Akne conglobata – Ursachen und Verbreitung

Die Ursachen der Akne conglobata sind noch unklar. Vermutet wird, dass die Erkrankung ähnlich wie andere Formen der Akne durch hormonelle Einflüsse entsteht. Grund zu dieser Vermutung gibt die Tatsache, das Bodybuilder nach der Einnahme von Androgenen oder Anabolika oft schon nach wenigen Wochen eine Akne conglobata erleiden.

Daneben könnten auch Störungen im Immunsystem eine Rolle spielen.

Überwiegend tritt die Krankheit bei jungen Männern auf, beginnend in der Pubertät, teils auch erst mit dem 20. Lebensjahr. Im Laufe der Zeit verstärkt sie sich in der Regel, bevor sie meist im frühen Erwachsenenalter abheilt, seltener auch erst im vierten Lebensjahrzehnt, noch seltener bleibt sie lebenslang bestehen.

Akne conglobata – Symptome

Die typischen Symptome der Akne conglobata sind schmerzhafte Knoten mit einem Durchmesser von über einem Zentimeter, die zunächst hart sind und bis tief in die Haut reichen können – wo sie teils verschmelzen und abszedierende Fistelgänge bilden: ein System aus Gängen, aus dem sich regelmäßig eitriges Material entleert. Die Rückbildung dieser Hautveränderungen dauert Monate und hinterlässt sehr häufig Narben.

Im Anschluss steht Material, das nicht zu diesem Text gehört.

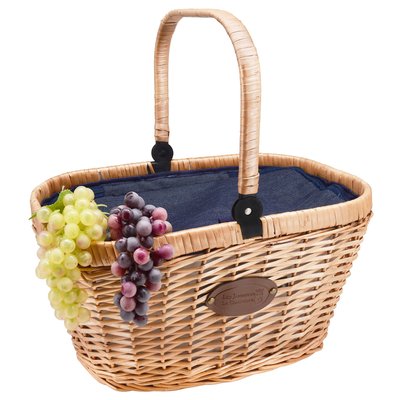Panier avec glacière et anse rabattable Chantilly LES JARDINS DE LA COMTESSE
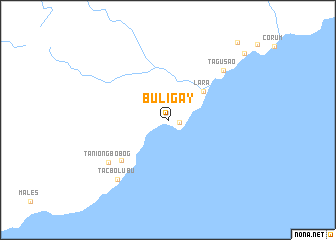 map of Buligay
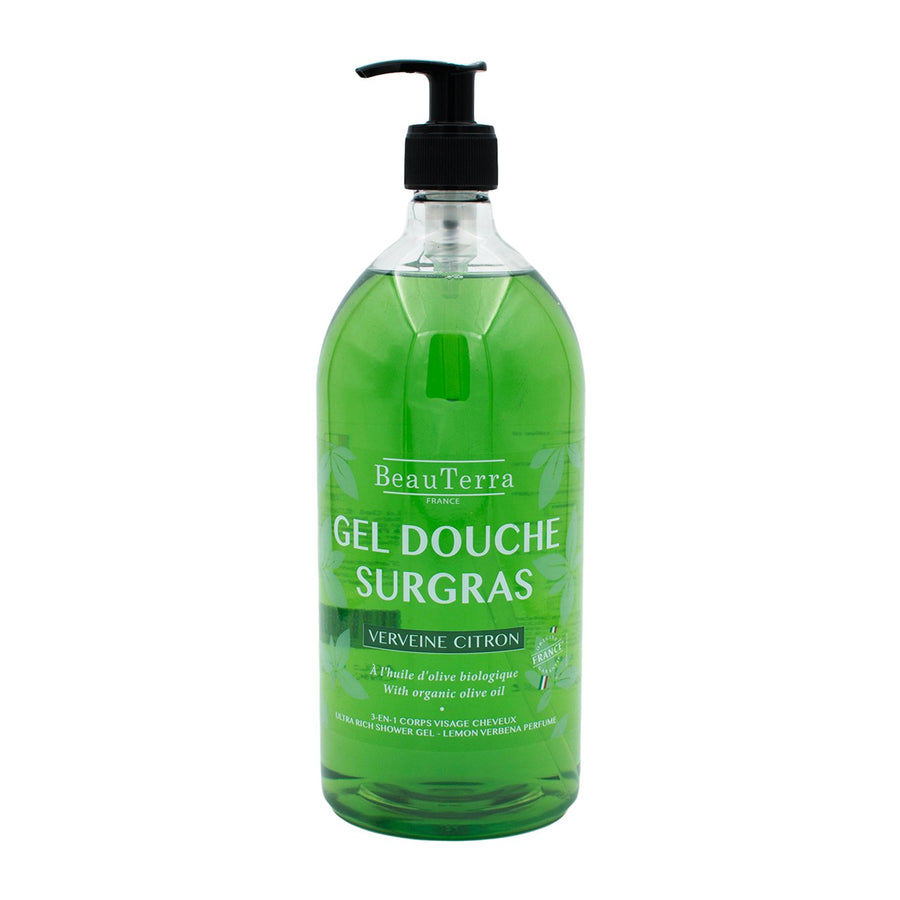 BeauTerra Gel Douche Surgras Verveine Citron-Haut Boutique
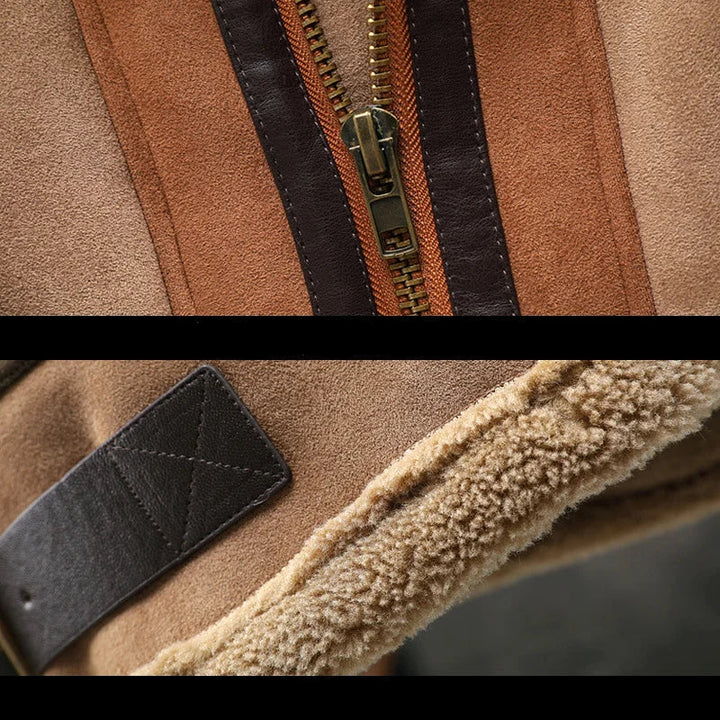 Maverick Suede Aviator Coat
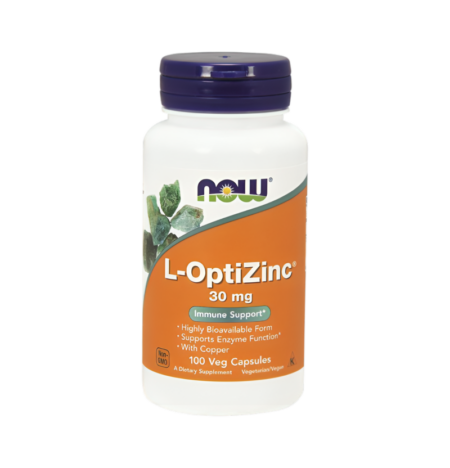 NOW Foods L-OptiZinc 30mg 100 Kapslar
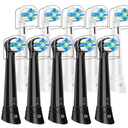 Brush Heads with Medium Bristles Compatible with Oral B IO 2/3/4/5/6/7/8/9/10/Deep Clean Electric Toothbrushes, Replacement Heads for IO (9 Black/White)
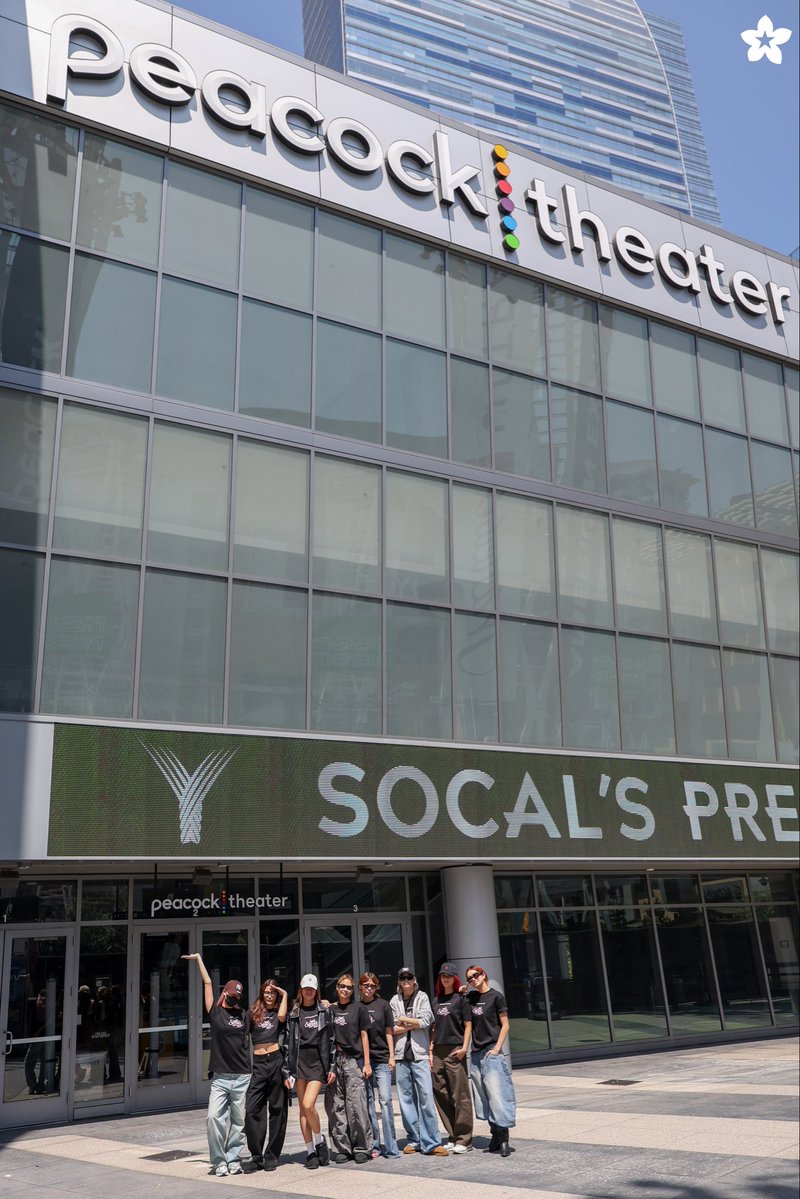BINI_ph's tweet photo. 𝄃𝄃𝄂𝄀𝄁𝄃𝄂𝄂𝄃Destination locked: Los Angeles. 

The signal led us back to LA! We're so happy to be here and can't wait to party with you all at the Peacock Theater later. Kita-kits!🙌

BINI SIGNALS ACROSS LA

📸Ryan Ceraspe
#BINI #BINI_SIGNALS_WORLDTOUR_2026 #BINI_SIGNALS_LOSANGELES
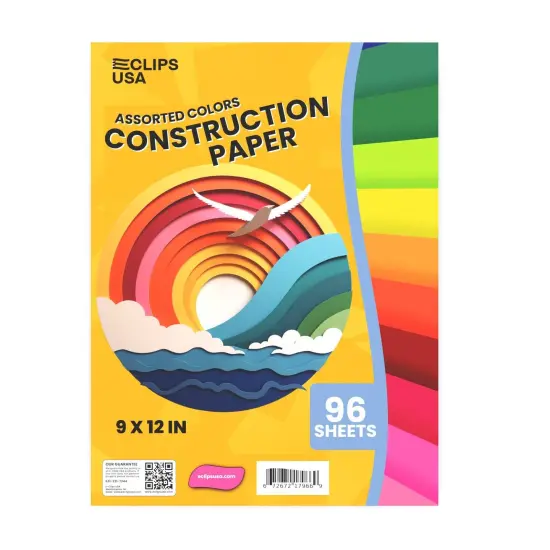 Construction Paper 9x12 in &ndash; 96 Sheets &ndash; 36 Sets {2}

Die Symptome können überall dort auftreten, wo Mitesser entstehen können. Bei Acne conglobata treten sie vorwiegend an Brust, Rücken und im Gesicht auf, teils auch an den Oberschenkeln, Unterarmen, Achselhöhlen, am Nacken und in der Leisten- und Analgegegend.

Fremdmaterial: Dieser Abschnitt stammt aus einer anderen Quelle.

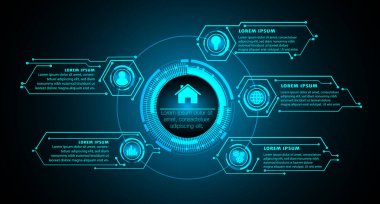 Simgelerle iş bilgisinin vektör illüstrasyonu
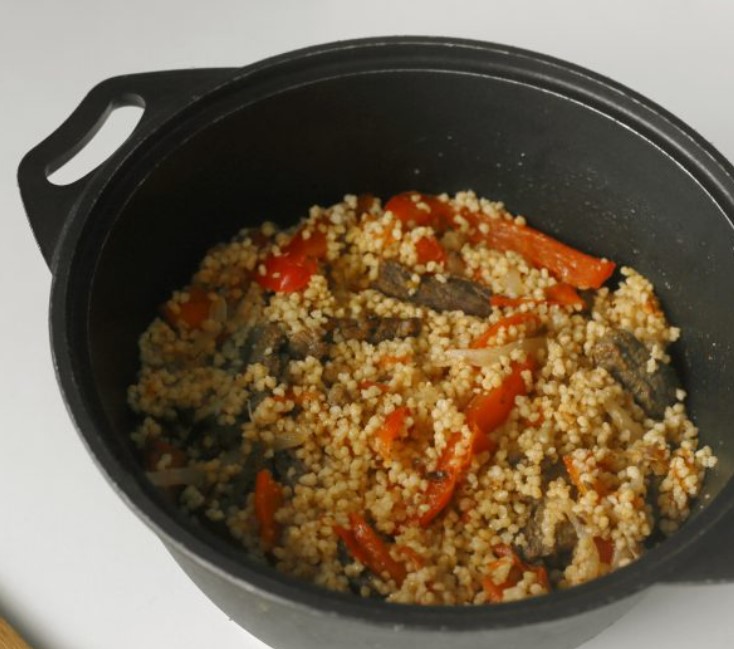 Couscous with Vegetables and Meat step 10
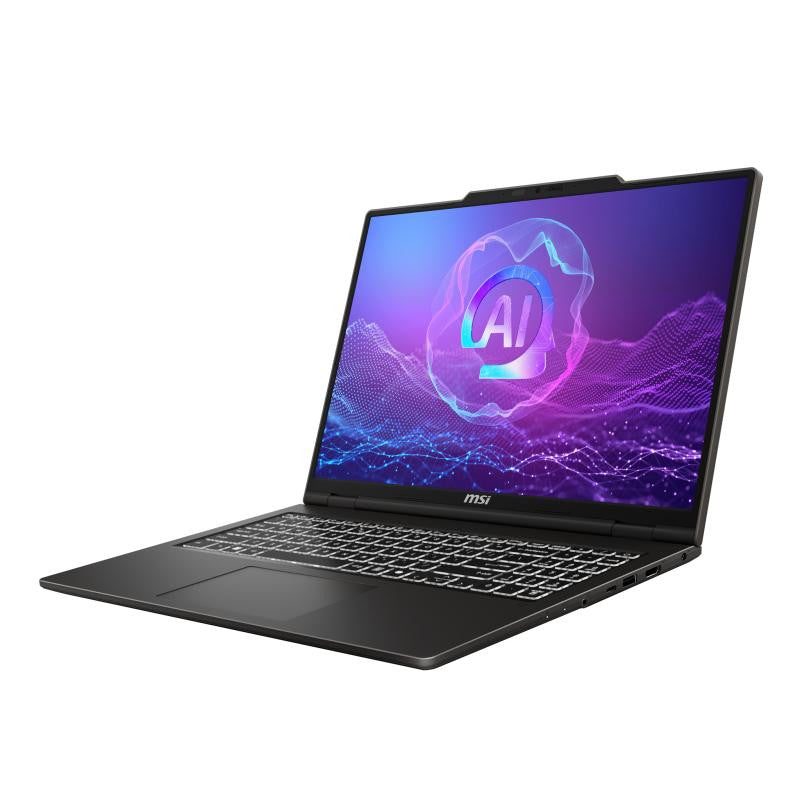 MSI VenturePro 16 A2RWFG-009FR Intel Core 7 240H Netbook 40,6 cm (16") 2K 32 Go DDR5-SDRAM 1 To SSD NVIDIA GeForce RTX 5060 Wi-Fi 6E (802.11ax) Windows 11 Pro Gris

Akne conglobata – Behandlung

Die Medikamente werden aufgrund der Schwere der Erkrankung oft systemisch verabreicht, sodass sie nicht nur auf der Haut, sondern im gesamten Körper wirken.

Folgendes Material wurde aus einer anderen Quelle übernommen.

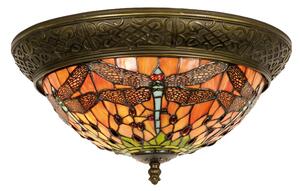 Stropné svetlo Tiffany Cecile - Ø 38*19 cm E14/max 2*40W - Clayre & Eef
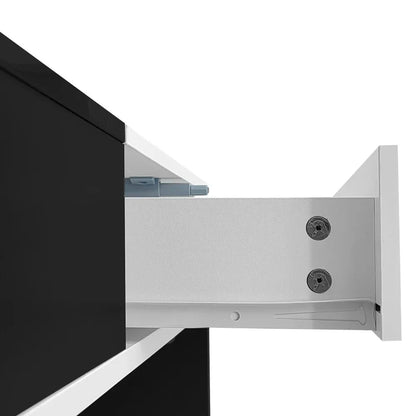 Table basse blanc scandinave 105 X 60 X 40 Cm - 14:193natural+deep blue;200007763:201336101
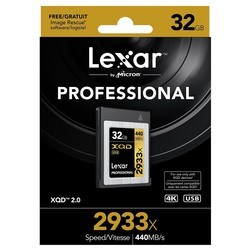 Карта памяти Lexar Professional 2933x XQD 128Gb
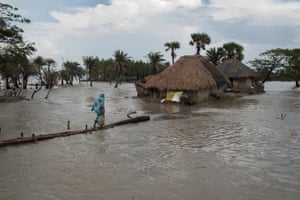 Mousuni, a sinking island in the Sundarbans, West Bengal.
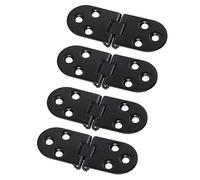 OVAQUIXI Black Zinc Alloy Hinge, Exquisite Folding Table Hinge for Sewing Machine Counters Durable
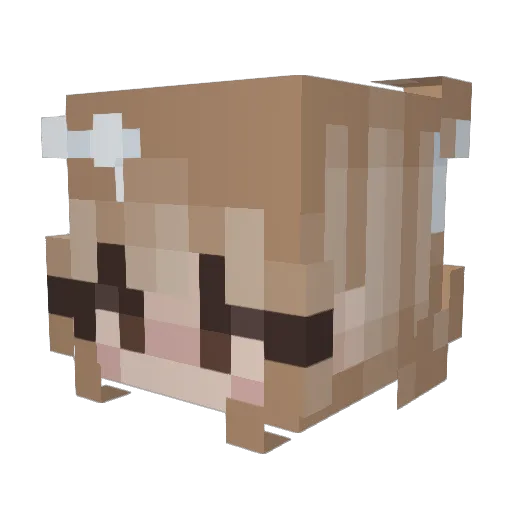 atzkam Minecraft avatar head, 3D render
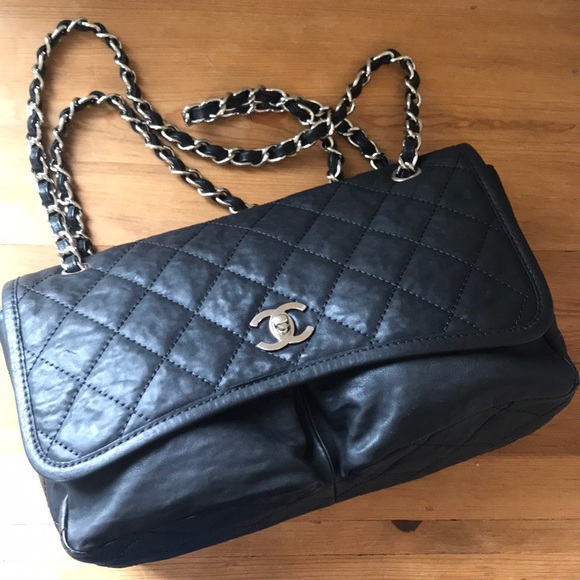 CHANEL Handbags - 🖤CHANEL Black Double Pocket Bag🖤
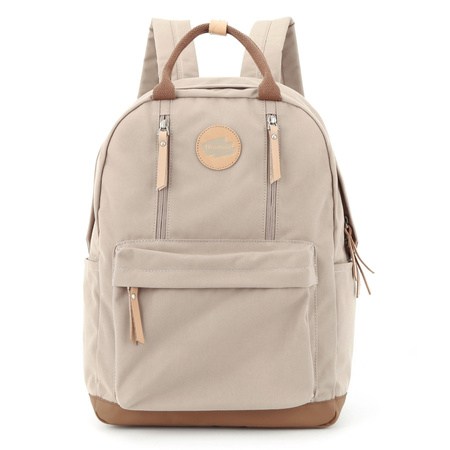 Modischer Beiger Rucksack mit Laptopfächern – Himawari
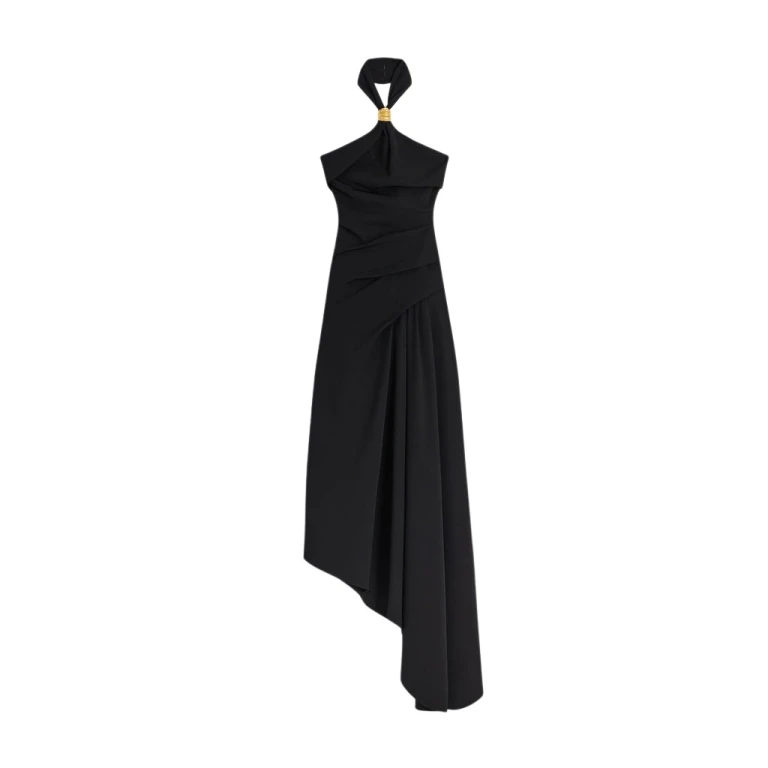 Schiaparelli Twisted Bijou Halter Dress Dresses in Schiaparelli Authentic Luxury Fashion at Luxury Shoes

Die Therapie der Akne conglobata basiert vor allem auf folgenden Medikamenten:

  • Azelainsäure
  • Benzyolperoxid (z.B. Sanoxit, Cordes, Benzaknen)
  • Retinoide (z.B. Isotretinoin, Roaccutan): Vitamin-A-Säure-Präparate, das die Bildung von Mitessern sowie Entzündungen lindert und die Talgproduktion reduziert. Wird über mehrere Monate bis hin zu einem Jahr verabreicht, meist zweimal täglich zum fettreichen Essen. Über die beste Dosierung streiten sich Forscher und Hautärzte noch, bei niedrigeren Dosen scheint die Gefahr wiederkehrender Akne jedoch höher. Die Erfolgsaussichten sind bei dieser Behandlung sehr gut, etwa bei vier von fünf Patienten bessert sich die Haut nachhaltig, beginnend nach 2 bis 4 Wochen. So wirksam Retinoide sind, so stark sind auch ihre möglichen Nebenwirkungen: angefangen bei trockener Haut und Schleimhäuten, Schmerzen an Gelenken und Muskeln, Knochenveränderungen, Veränderungen im Blutbild (Leberwerte). Für Frauen im gebärfähigen Alter sind die Mittel nicht oder nur mit äußerster Vorsicht einsetzbar.
  • Cortison kombiniert mit Antibiotika (niemals jedoch kombinieren: Isotretinoin mit Tetracyclinen, sonst drohen Hirndrucksteigerungen)
  • DADPS: entzündungshemmende Arzneimittel als Alternative zu Cortison-Präparaten oder in Kombination mit diesen sowie Isotretinoin. Rauchen und intensiver Sport ist während dieser Therapie tabu.

Greifen die Medikamente nicht, können die Hautveränderungen ein- oder ausgeschnitten werden.

Ob eine Ernährungsumstellung mit wenig Fett, Zucker und Kohlenhydraten helfen kann, ist umstritten. Ergänzend zur Behandlung mit Medikamenten kann dies jedoch durchaus sinnvoll sein.

Alternative Heilmethoden wie die Homöopathie werden ebenfalls manchmal unterstützend eingesetzt.